Thank you. I didn't think of using a roller. One Q... when you say use a "setting type" dry wall compound, is that a compound that sets up quickly or will the box / tub of compound actually say "setting" or?....


----------



## lenaitch (Feb 10, 2014)

MsMike said:


> Ah, that makes sense. I did the same thing to another door and it actually turned out fine. Since I just installed trim on both sides (and it's perfect), I don't want to replace the frame. Thanks again for your expertise! Lesson learned.
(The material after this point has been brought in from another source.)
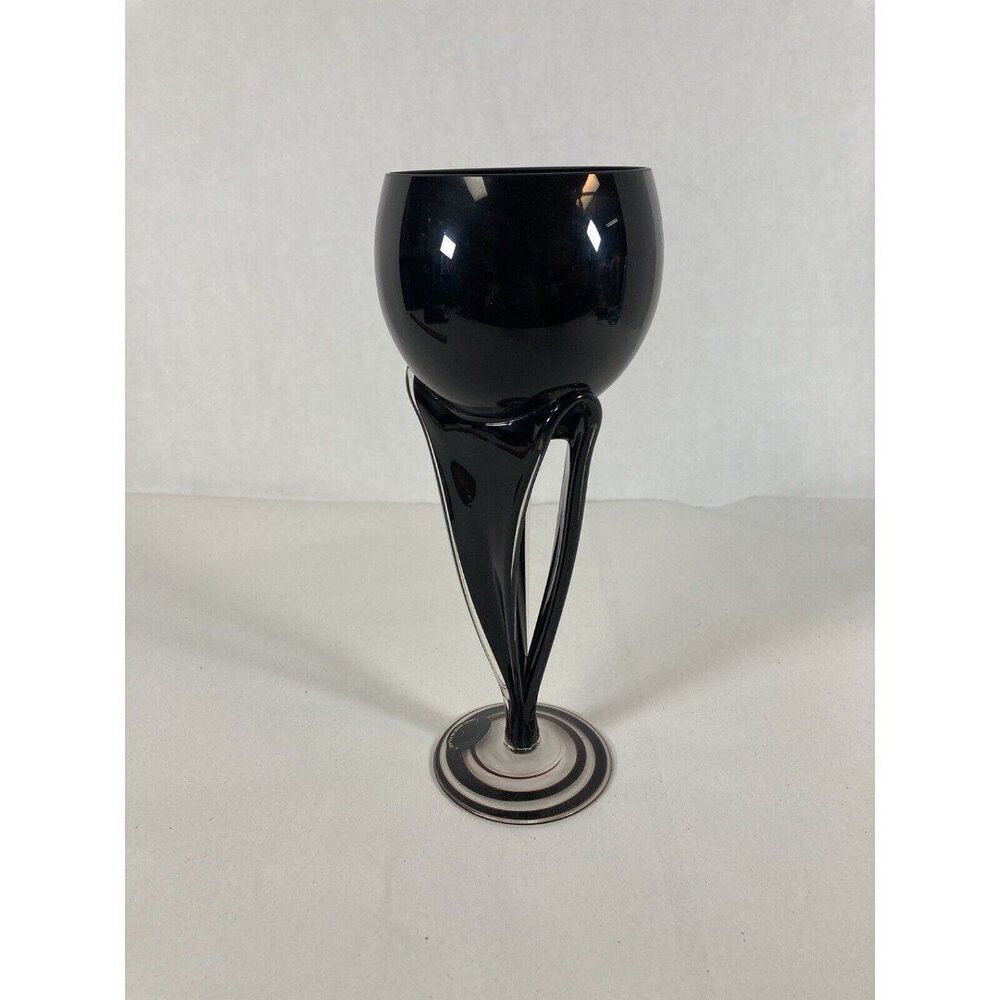 Jozefina Krosno Art Glass Black Swirl Stemmed Goblet Candle Holder Poland Vtg 9” - Picture 5 of 12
How the board was sawn and where on tree it came from will determine the grain you are dealing with. The other board was likely a softwood too but cut from a different section of the tree so it worked out.


----------



## lenaitch (Feb 10, 2014)

lenaitch said:


> How the board was sawn and where on tree it came from will determine the grain you are dealing with. The other board was likely a softwood too but cut from a different section of the tree so it worked out.



As a bit of a visual aid, and assuming that most off-the-shelf millwork is plain sawn, you can see how the angle of the grain (harder/softer areas of wood) of the circle changes with each board, so it will often react differently to sanding.


----------



## MsMike (Dec 8, 2020)

lenaitch said:


> As a bit of a visual aid, and assuming that most off-the-shelf millwork is plain sawn, you can see how the angle of the grain (harder/softer areas of wood) of the circle changes with each board, so it will often react differently to sanding.
> 
> View attachment 636346


Amazing. I had no idea. From now on, I will be more conscience of the differences and how I can semi destroy a piece of wood by being too aggressive. Thank you so much for the education.


----------